As a successful woman of impeccable character, Khadija could choose from the many suitors in the Quraish tribe, but she had refused them all. She had married and been widowed twice and was not interested in marrying a third time. But there was something about Muhammad that attracted her. What drew her was his integrity, gravity and wisdom and she sent a proposal to him through her friend Nufaysa bint Umayayh. She felt she had found a worthy partner. Nufaysa approached Muhammad and asked him why he hadn’t married so far. Muhammad responded that he didn't have the means to marry. When he heard that Khadija was interested in marrying him, he was amazed. "How could such a marriage be mine!"
When he was assured that indeed she was keen, he expressed his willingness. Both met and decided to talk to their uncles so that a formal proposal could be sent. The marriage was arranged and solemnised by Muhammad’s uncle Abu Talib and Khadija’s uncle Waraqah bin Nawafil.
Muhammad moved to Khadija's home after their marriage. An orphan, Muhammad had found a haven, a companion who was his mental and spiritual support. They lived in complete marital bliss for 25 years and while she was alive, Muhammad did not marry any other woman, which was extremely unusual for a man of his time.
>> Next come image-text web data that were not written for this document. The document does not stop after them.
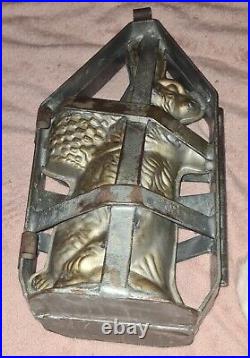 Antique Easter Bunny with Eggs in Basket Large 15 Hinged Chocolate Mold Rare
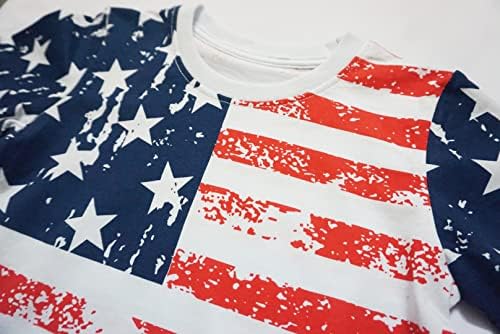 Mrocioa USA Американско знаме 4-ти јули кошула за момчиња девојчиња starsвезди ленти патриотска маица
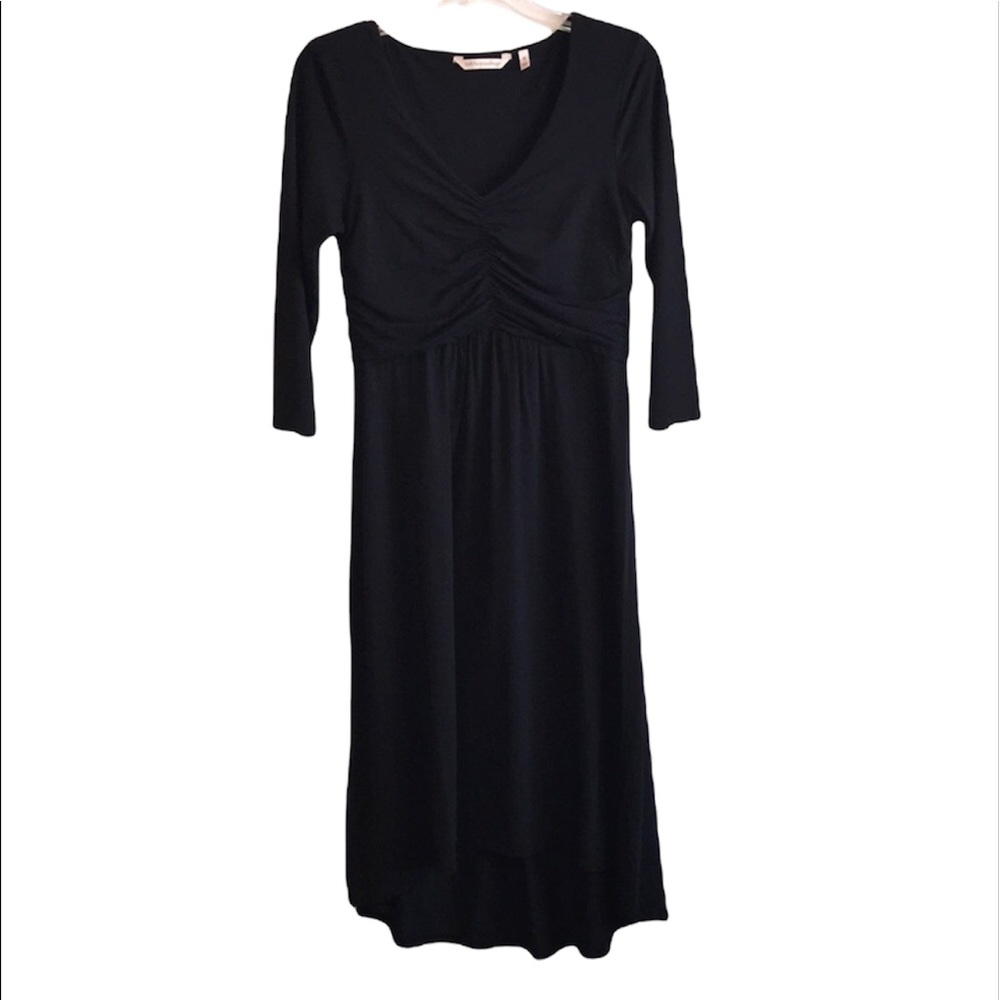 Soft Surroundings Flowy Stretch Jersey Dress 3/4 Sleeves V Neck Black Size S
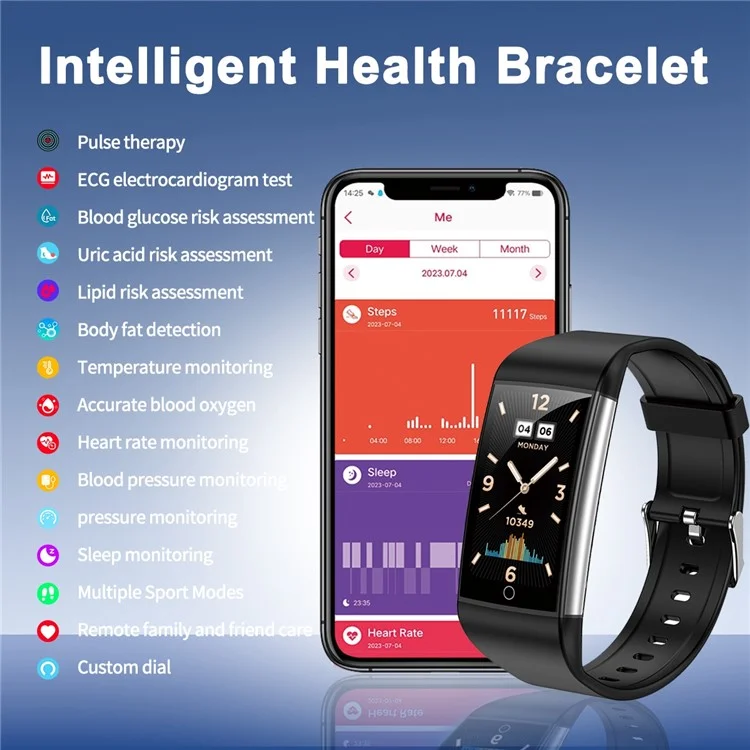 Tk76 1,47 "smart Bracelet IP68 Relógio de Saúde à Prova D'água Com ECG, Freqüência Cardíaca, Monitoramento de Temperatura - Preto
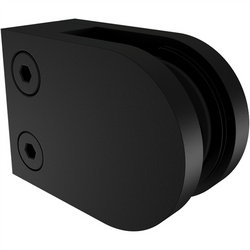 Glass Clamp D Flat Back Black 316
This song in question celebrates this union. It celebrates the life of a man whose akhlaq or good conduct was said to be his miracle. This song celebrates the life of a queen, a woman as precious as a pearl flower, who supported her husband's prophethood through thick and thin.
She comforted him when he thought he had gone crazy after the first revelation of the Quran by Angel Gabriel and was seeing and hearing things. She supported him monetarily and spent her money on propagating Islam. There is nothing in the lyrics of the song or its picturisation — which shows the blooming of young love — that is objectionable.
In no way does it demean the Prophet and Khadija Beevi. In fact, deification of the Prophet or his family is more suspect in Islam than showing them as perfect humans, which they were.
Faith should not be so weak that it is threatened by a wink. Our beloved Prophet never reacted to those who insulted or hurt him — he won them over with his akhlaq.
So, dear fellow Muslims, enjoy it or ignore it, but don’t waste your energy by outraging over it. Instead, create an atmosphere of amity and harmony where young people can find love and get married.
Help in the weddings of those who are facing financial difficulties. There are many things you can do that would, I’m sure, earn you the blessings of the Prophet and Khadija.